Your output must consist solely of the lines from the one containing "Shorts de Muay Thai Twins TBT8 – Blanc/Rouge" through the end of the records, reproduced exactly.

** Given data **

________

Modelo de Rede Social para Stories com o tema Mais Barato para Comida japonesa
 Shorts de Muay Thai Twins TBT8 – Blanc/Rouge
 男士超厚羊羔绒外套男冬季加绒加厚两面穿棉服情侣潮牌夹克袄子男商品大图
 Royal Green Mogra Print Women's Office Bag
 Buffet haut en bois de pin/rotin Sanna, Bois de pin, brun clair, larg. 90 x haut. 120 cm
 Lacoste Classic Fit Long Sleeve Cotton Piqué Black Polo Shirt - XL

________

** Solution to the exercise **
 Shorts de Muay Thai Twins TBT8 – Blanc/Rouge
 男士超厚羊羔绒外套男冬季加绒加厚两面穿棉服情侣潮牌夹克袄子男商品大图
 Royal Green Mogra Print Women's Office Bag
 Buffet haut en bois de pin/rotin Sanna, Bois de pin, brun clair, larg. 90 x haut. 120 cm
 Lacoste Classic Fit Long Sleeve Cotton Piqué Black Polo Shirt - XL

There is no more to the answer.